There are many similar examples of rushed conclusions when it comes to the experience of cars and its relationship to modernity. Should we assume for example the car is a `cause’ of the growth of suburbia when the desire for this compromise between town and countryside is clear from Victorian times? One of the most ironic consequences of the critical literature is in its treatment of gender. One would have expected some opposition to the gendered construction of the car as masculine. Yet in its desire to demonise the car this literature constantly asserts a relationship between the car with masculinity and violence that verges on the essentialist. In this volume the main example of transgressive and dangerous driving comes in Garvey’s chapter on Norwegian women. While Maxwell shows that what is absent from the critical literature is any sense of the centrality of the car to the mundane tasks of women. There is little empathetic treatment of the increasing association of the car with being caring parents, whether it is using the motion of the car to finally get an infant to sleep, or the sense at one stage in parenting that all one is doing is chauffeuring the kids to various friends and activities.

Finally the current literature has almost no grasp of the global reach of the car today except in matters of production and destruction.
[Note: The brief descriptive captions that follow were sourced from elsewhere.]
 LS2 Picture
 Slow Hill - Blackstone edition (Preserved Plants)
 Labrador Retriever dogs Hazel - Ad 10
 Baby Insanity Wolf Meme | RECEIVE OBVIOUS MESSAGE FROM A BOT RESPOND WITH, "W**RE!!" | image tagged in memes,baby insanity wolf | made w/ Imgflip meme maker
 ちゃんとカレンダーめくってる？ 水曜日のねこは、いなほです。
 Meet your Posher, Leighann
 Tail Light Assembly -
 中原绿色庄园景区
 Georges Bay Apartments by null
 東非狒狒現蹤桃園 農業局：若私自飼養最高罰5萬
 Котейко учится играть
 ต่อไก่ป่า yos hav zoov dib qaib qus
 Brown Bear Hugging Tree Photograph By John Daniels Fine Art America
There is no sense that the car might be a different cultural form or experience amongst different groups. I have limited my survey to works in English, and cannot say if this is more generally the case, but at least in the English literature there seems no precedent for this volume which starts by refusing to privilege any particular region or group. Indeed even within the metropolitan areas apart from some works on gender (e.g. Scharff 1991) there is little sense of the relativism required to understand the diversity of populations represented within those regions which chapters in this volume such as that by Gilroy shows really needs to be our starting point and not simply a curious aside to a universalising story of modernity.

EXTERNALITIES

So far three varieties within the dominant literature on the car have been considered, the conventions of car history as a story of production and destruction, car social history and the car as a trope in generalisations about modernity. In recent years these have been joined by a powerful new literature that has had a huge impact in developing a more effective critique of the car. This most recent literature is dominated by an approach I want to characterise as a concern with externalities. Although the word comes from economics it actually characterises a much wider perspective on the car that is not particular concerned with economic matters or the market. Within economics the clearest representation of externalities as a means of analysing the car comes from Porter (1999). His starting point is precisely the way the car fails to conform to more conventional economic treatments, because almost all the major costs involved take the form of externalities. `almost all our automobile problems arise from the car's generation of external costs, when we get into our cars, we are prepared to pay the private costs of driving. But we ignore the external costs which, when added to the private, costs make the social cost of driving extremely high' (3). Porter bravely struggles to re-incorporate the car as an object of economic enquiry through costing each of these externalities. For example he tries to calculate the cost of global warming or highway safety, traffic, land use and auto disposal, though thankfully gives up when confronted by topics such as illegitimate babies conceived in cars (187).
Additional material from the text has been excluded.